A policy is not necessarily pretext for discrimination merely because we find it ill-advised: "The law does not require employers to make perfect decisions, nor forbid them from making decisions that others may disagree with." Hartsel v. Keys, 87 F.3d 795, 801 (6th Cir. 1996). However, "the reasonableness of an employer's decision may be considered to the extent that such an inquiry sheds light on whether the employer's proffered reason for the employment action was its actual motivation." A reasonable jury could easily conclude that North Woods' business decision—to implement a policy terminating otherwise qualified workers whose doctors imposed any restrictions arising from non-workplace injuries, even if those restrictions do not limit the employees' ability to competently perform their jobs — is so lacking in merit as to be a pretext for discrimination.

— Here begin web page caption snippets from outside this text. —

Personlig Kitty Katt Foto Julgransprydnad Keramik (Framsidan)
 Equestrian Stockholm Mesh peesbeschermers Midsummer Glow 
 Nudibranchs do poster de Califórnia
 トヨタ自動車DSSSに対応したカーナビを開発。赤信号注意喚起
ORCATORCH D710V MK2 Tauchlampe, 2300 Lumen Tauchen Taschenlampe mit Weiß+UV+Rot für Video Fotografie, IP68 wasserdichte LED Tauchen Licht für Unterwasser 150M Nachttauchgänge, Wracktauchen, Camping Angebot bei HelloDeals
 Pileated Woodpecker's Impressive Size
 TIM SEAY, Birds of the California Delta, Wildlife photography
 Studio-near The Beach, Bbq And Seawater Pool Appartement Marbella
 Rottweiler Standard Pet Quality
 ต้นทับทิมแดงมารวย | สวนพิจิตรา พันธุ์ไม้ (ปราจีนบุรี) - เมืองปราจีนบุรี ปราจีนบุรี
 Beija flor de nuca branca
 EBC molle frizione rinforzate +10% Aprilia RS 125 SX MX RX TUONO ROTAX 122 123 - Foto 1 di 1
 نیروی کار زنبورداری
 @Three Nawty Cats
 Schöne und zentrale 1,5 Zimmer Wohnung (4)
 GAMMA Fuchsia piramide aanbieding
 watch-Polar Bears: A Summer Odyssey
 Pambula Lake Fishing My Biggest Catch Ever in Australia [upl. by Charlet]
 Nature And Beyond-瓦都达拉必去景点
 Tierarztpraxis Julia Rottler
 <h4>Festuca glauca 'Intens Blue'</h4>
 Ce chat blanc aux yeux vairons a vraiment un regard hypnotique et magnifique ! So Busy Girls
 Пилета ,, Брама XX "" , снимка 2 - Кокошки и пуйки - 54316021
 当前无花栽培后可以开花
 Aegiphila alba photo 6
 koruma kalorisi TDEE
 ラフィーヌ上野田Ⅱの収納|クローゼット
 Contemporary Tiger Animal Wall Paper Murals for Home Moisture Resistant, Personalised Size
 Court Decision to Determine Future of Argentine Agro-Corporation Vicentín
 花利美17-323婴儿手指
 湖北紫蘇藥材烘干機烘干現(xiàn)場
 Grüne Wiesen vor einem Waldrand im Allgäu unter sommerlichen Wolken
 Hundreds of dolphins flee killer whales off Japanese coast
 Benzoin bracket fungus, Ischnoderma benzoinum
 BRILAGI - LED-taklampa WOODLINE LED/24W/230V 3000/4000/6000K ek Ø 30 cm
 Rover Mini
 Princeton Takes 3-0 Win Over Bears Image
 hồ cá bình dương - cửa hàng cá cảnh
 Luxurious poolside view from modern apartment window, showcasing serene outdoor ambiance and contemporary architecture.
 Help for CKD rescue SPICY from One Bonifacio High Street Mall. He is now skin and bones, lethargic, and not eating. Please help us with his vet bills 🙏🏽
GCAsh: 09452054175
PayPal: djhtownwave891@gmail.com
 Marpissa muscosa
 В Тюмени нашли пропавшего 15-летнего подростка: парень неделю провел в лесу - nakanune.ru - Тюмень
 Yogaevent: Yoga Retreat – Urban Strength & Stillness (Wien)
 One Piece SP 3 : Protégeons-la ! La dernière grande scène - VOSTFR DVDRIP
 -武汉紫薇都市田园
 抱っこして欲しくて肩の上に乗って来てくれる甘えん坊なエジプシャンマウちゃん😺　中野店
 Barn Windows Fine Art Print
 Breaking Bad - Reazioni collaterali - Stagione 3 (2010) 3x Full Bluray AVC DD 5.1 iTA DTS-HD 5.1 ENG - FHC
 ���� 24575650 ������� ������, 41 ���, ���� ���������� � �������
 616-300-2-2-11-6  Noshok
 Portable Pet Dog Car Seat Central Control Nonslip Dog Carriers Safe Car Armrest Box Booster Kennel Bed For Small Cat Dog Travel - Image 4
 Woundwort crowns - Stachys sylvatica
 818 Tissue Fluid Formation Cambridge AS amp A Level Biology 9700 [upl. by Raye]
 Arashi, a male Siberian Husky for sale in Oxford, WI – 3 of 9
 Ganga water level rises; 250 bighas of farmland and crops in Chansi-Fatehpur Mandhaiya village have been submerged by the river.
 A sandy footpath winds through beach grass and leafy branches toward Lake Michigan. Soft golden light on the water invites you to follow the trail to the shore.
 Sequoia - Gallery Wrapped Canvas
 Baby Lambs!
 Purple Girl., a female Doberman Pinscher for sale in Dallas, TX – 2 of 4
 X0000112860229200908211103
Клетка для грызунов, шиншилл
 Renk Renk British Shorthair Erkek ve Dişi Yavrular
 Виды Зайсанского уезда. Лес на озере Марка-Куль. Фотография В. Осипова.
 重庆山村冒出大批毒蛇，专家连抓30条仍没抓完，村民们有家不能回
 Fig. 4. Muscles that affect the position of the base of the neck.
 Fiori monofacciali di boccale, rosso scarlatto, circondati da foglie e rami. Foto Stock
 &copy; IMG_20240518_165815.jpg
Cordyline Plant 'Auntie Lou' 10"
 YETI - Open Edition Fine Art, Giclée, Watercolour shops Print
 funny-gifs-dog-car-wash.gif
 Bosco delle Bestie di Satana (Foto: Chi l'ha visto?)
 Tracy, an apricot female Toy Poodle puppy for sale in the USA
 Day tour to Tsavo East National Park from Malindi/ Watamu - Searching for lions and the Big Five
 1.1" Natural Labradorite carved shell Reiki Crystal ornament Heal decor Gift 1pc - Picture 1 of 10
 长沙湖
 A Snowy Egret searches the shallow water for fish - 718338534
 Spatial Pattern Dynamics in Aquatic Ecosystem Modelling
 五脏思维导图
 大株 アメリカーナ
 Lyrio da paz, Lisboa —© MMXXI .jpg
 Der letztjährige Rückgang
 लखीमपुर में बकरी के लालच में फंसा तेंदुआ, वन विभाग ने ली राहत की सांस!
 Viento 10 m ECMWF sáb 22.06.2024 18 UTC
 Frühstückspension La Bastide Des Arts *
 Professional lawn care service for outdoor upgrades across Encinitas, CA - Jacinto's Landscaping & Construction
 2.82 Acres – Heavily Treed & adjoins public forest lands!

The Court rejected the plaintiff's ADA claim: " Because pregnancy is not a disability under the ADA, North Woods' belief that Latowski was pregnant cannot support her "regarded as" claim. . . . However, "a potentially higher risk of having a future miscarriage[] could constitute an impairment" on which to base a "regarded as" claim. Id. Nonetheless, Latowski is unable to prove that North Woods regarded her as disabled because she has provided no evidence that any North Woods employee believed she was unusually susceptible to miscarrying.

 

Finally, the Court rejected the plaintiff's FMLA interference claim based on the employer's suggestion that she utilize the FMLA during her pregnancy instead of after giving birth.
An employer denies an employee FMLA benefits when it "forces an employee to take FMLA leave when the employee does not have a 'serious health condition' that precludes her from working." Wysong v. Dow Chem. Co., 503 F.3d 441, 449 (6th Cir. 2007). However, a claim made on this basis "ripens only when and if the employee seeks FMLA leave at a later date, and such leave is not available because the employee was wrongfully forced to use FMLA leave in the past."
Because Latowski never sought to take FMLA leave in 2009, her claim never ripened and she cannot prove a prima facie case of FMLA interference. She had been terminated months before she gave birth the following year.
NOTICE: This summary is designed merely to inform and alert you of recent legal developments. It does not constitute legal advice and does not apply to any particular situation because different facts could lead to different results. Information here can change or be amended without notice. Readers should not act upon this information without legal advice. If you have any questions about anything you have read, you should consult with or retain an employment attorney.